多くの中小企業にとって大きな悩みのタネとなっている人手不足。その一方で、こうした状況に手をこまねいているのではなく、DXや多様な人材活躍、選択と集中の徹底など独自の戦略を打ち出し、「少人数」を「強み」に変えている企業がある。成長を続ける企業の経営者たちの取り組みとその考え方に迫った。

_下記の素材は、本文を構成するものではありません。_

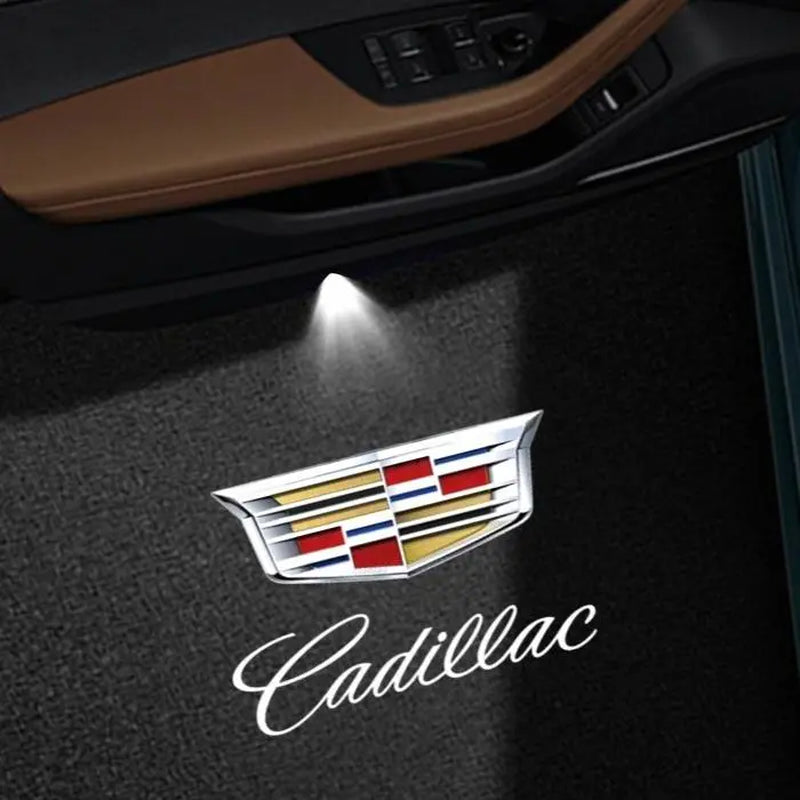 3D Shadow Lamp LED Door Logo Projector Cadillac SRX CT6 XTS ATS XT4 XT5 XT6 Dual Plug Water Pit Lamp Cadillac Welcome Light Car Door Projection Accessory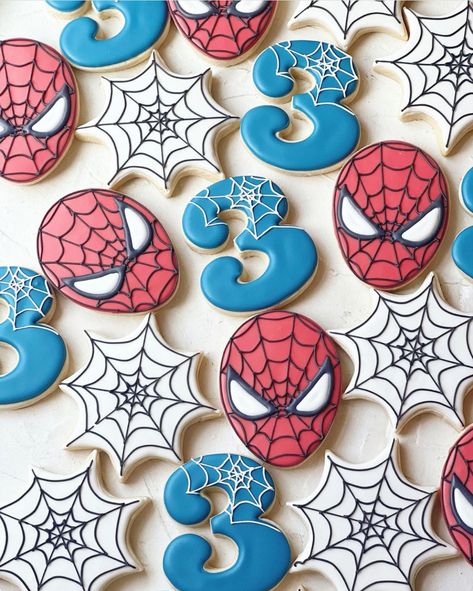 3rd Bday Spiderman, Spider Man 2 Birthday, Marvel Birthday Cupcakes, Third Birthday Spiderman, Spider Man Birthday Party Decor, Three Year Old Spiderman Birthday, Spider-man Fourth Birthday, Aesthetic Spiderman Birthday, Spiderman 3rd Birthday Party Decorations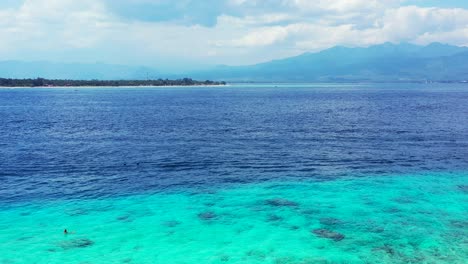 beautiful turquoise colors of the water on the cloudy day, philipines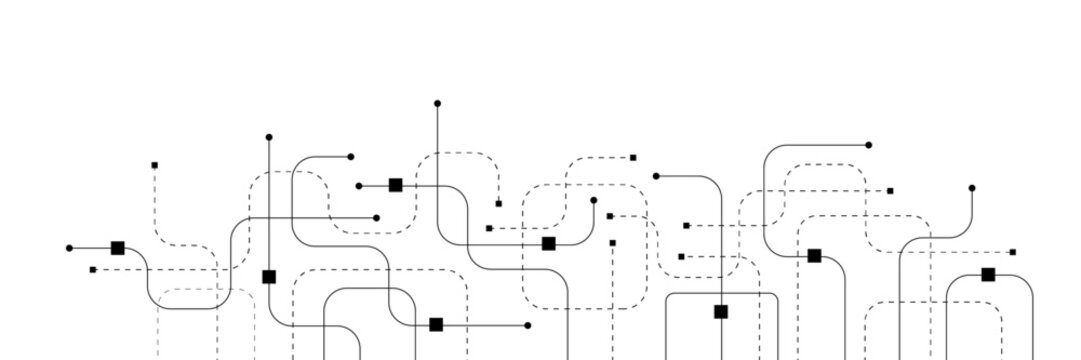 Technology abstract background with circuit board texture. Creative idea AI banner. Internet technology. Tech concept for poster, header, web banner, website, presentation.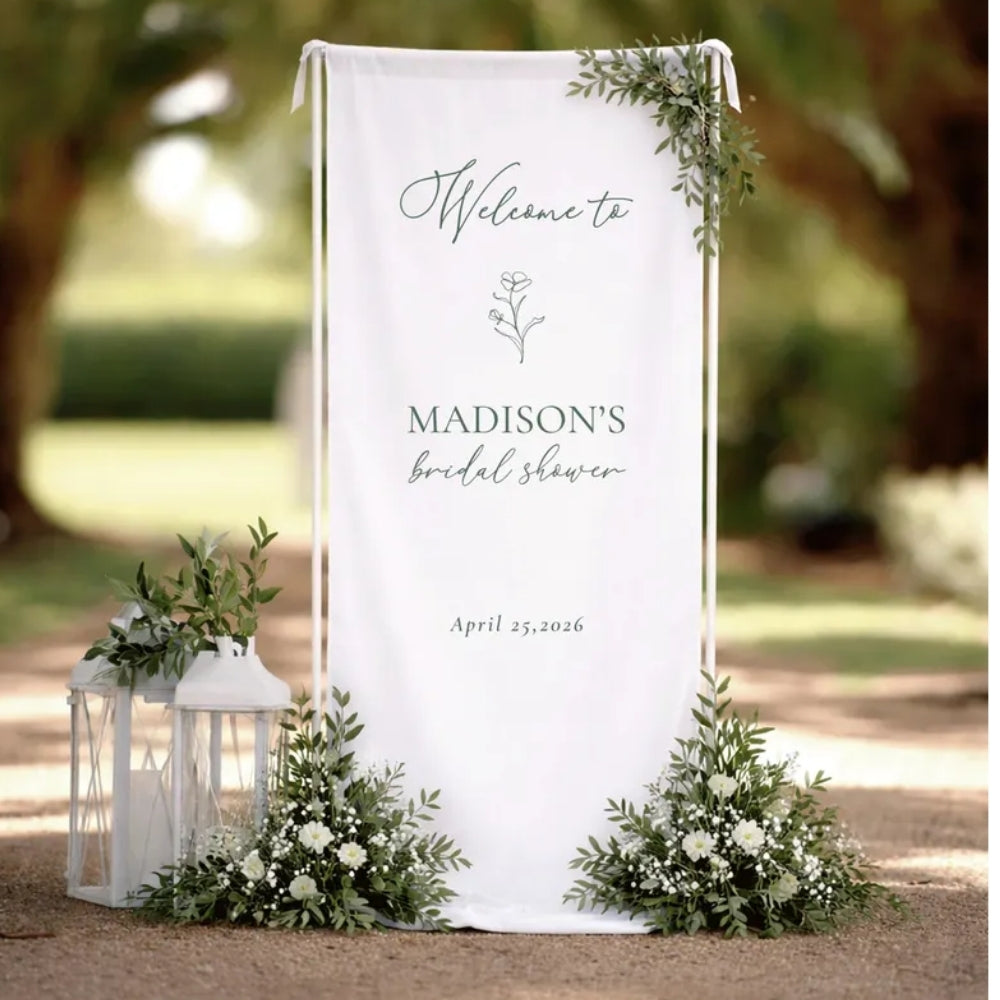 Welcome To Bridal Shower Custom Fabric Banner With Name & Date, Personalized Bridal Shower Welcome Sign Banner WD0206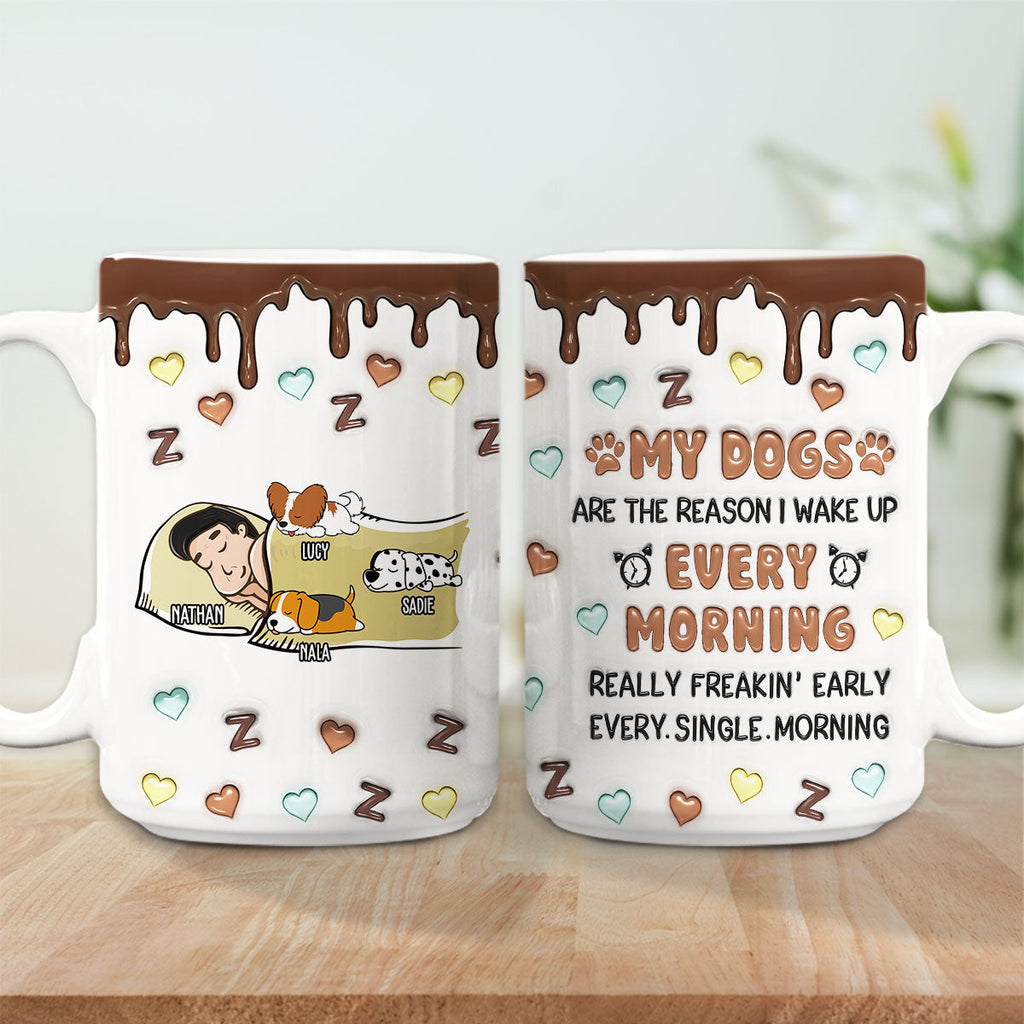 Custom Christmas Birthday Gifts For Dog Lovers • The Reason I Wake Up - Personalized 3D Inflated Effect Mug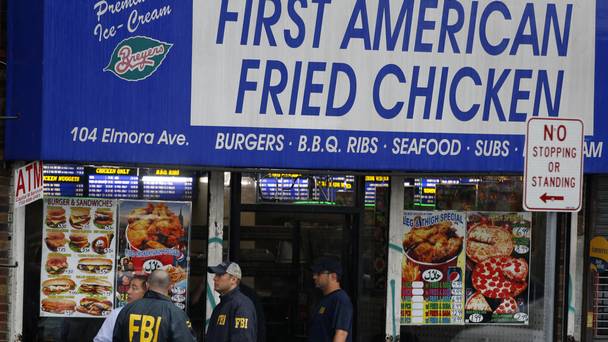 FBI agents searched an apartment above the family's fried chicken shop in Elizabeth New Jersey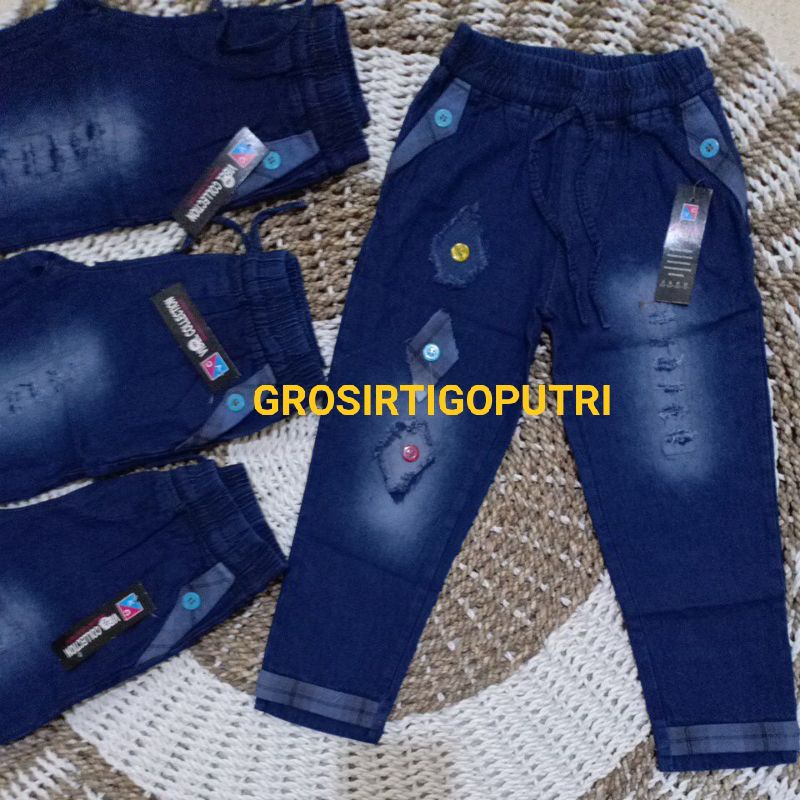 BAGGY PANTS JEANS ANAK KOMBINASI KANCING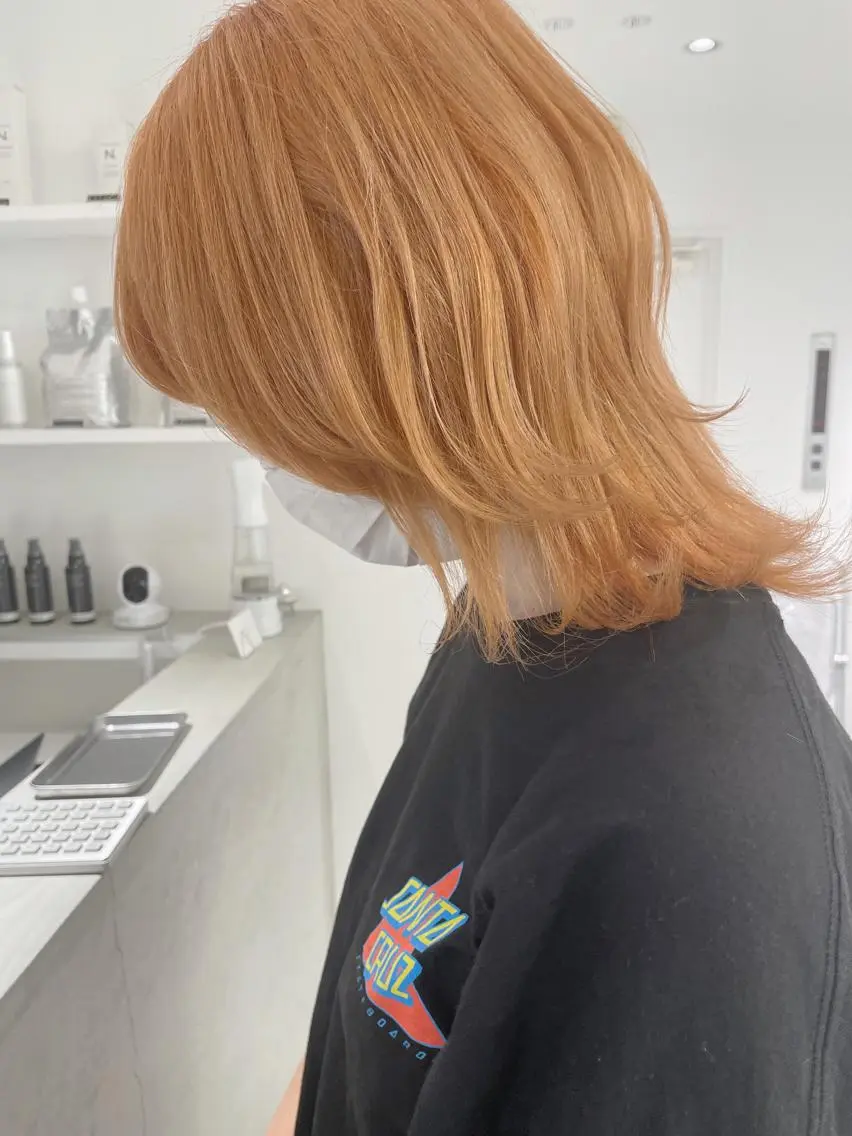 ミディアム カラー アディクシーカラー バレイヤージュ ベージュカラー ブリーチ ケアブリーチ ito. ブリーチ/髪質改善のヘアスタイル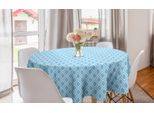 Abakuhaus Tovaglia Rotonda Astratta, Forme Ovali Arte Retrò, Tovaglia Circolare Per Sala Da Pranzo Decorazione Cucina, 150 Cm, Azzurro Cielo Bianco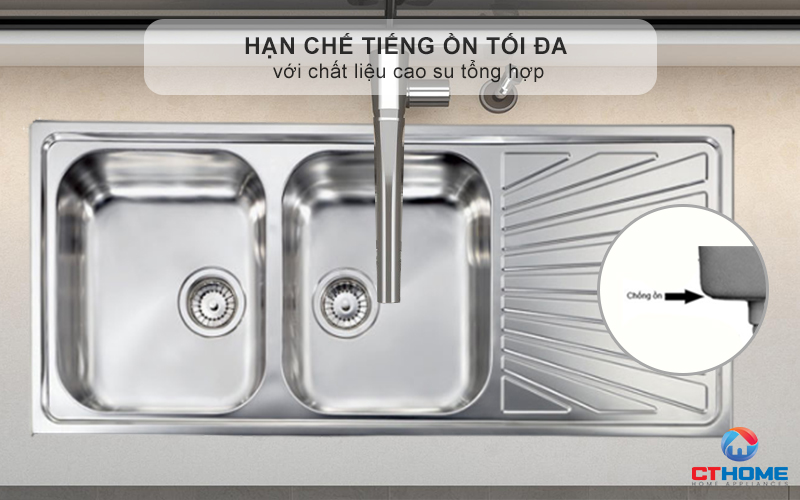 Hạn chế tiếng ồn tối đa với chất liệu cao su tổng hợp - không gian bếp luôn yên tĩnh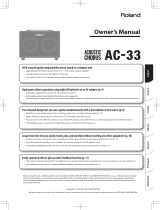 Roland AC33 Battery Powered Acoustic Chorus Guitar Amplifier User manual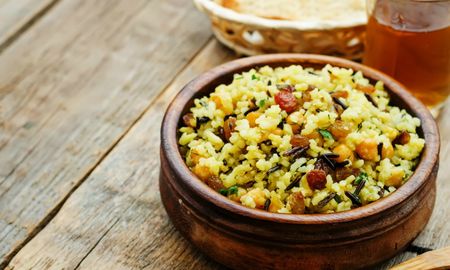 Arroz pilaf hecho en casa. Arroz pilaf hecho en casa.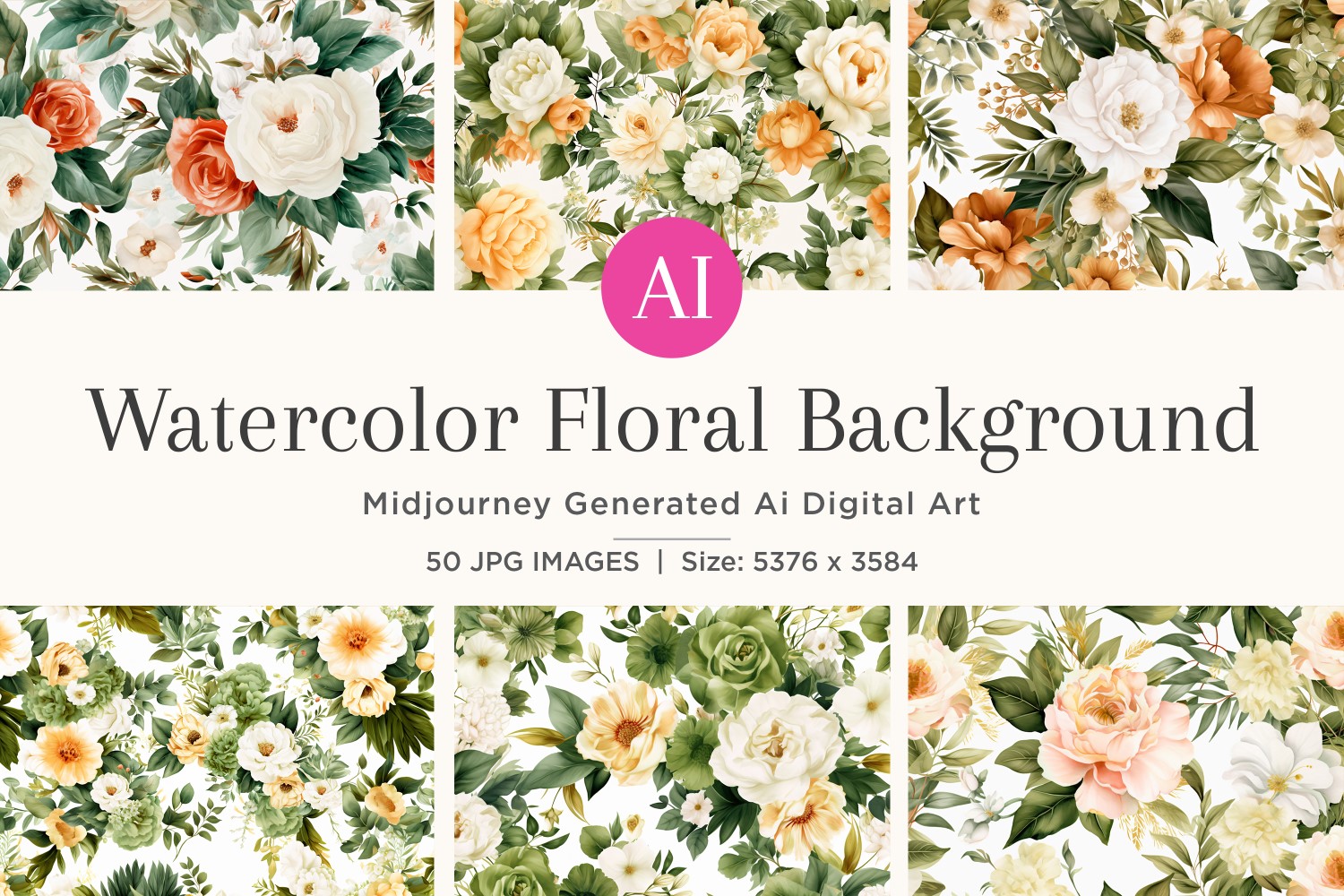 Watercolor flowers wreath Background 50 Set V-3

多様な人材の育成とDXで 多品種小ロットの生産にシフト
精密プレス加工と金型製作を行う川田製作所は、近年まで売り上げの大半を1社に依存し、従業員の高齢化も進んでいた。同社は、新卒の採用、外国人や障害者の雇用など人材を多様化し、元システムエンジニアの二代目社長が主導してDXを推進するなど改革を図り、従業員の若返りと生産性の向上、新たな販路開拓に成功した。
従業員の高齢化が進み 多様な人材を戦力に
神奈川県小田原市にある川田製作所は、1969年に板金加工やプレス加工を行う町工場として創業し、73年に会社を設立した。長年培ってきた技術力があるが、近年まで取引先1社に売り上げの7割以上を依存していた。また、従業員の高齢化も進んでいた。 「私が入社した当時は、55歳以上の方が多く、10年後にはほとんどの方が定年を迎えるような状態でした」と言うのは、二代目社長の川田俊介さんである。川田さんは、大手電機メーカーでシステムエンジニア(SE)として勤務した後、2010年に家業である同社に入社した。次世代を担う人材の育成が喫緊の課題だった同社は、ハローワーク頼りだった採用活動を改めた。13年から、地元の子どもたちの職業体験や、近隣の技術系大学からのインターンシップを受け入れ、新卒採用に積極的に取り組んだ。また、14年からは地元在住の外国人や外国人技能実習生の雇用を推進した。 「アジアの国の人たちは、ハングリーさがあって元気なので、会社全体が活気づくのではないかと思いました」という川田さん。ベトナムからの技能実習生は、日本人ベテラン技術者が長年かけて習得してきた仕事を、わずか数カ月でマスターした。彼らは言葉の壁を越えて、同社の戦力として確実に成長している。 同社は、多様な人材が活躍できる職場環境を整備しており、障害者雇用も「義務ではなく戦力」と考えている。従業員が40人未満の会社であれば障害者雇用の義務はないが、同社では地元の施設との縁で、1975年頃から障害者を雇用している。現在も聴覚障害や知的障害、肢体不自由など、5人が同社の戦力となっている。 「彼らは障害者手帳を持っていますが、障害ではなくて、それぞれの特徴です。その特徴に対する配慮をしています」という川田さん。例えば、不良品数を数えるのが苦手な知的障害を持つ従業員のためにカウンター(数取器)を導入するなど、個々の特性に合わせた工夫をしている。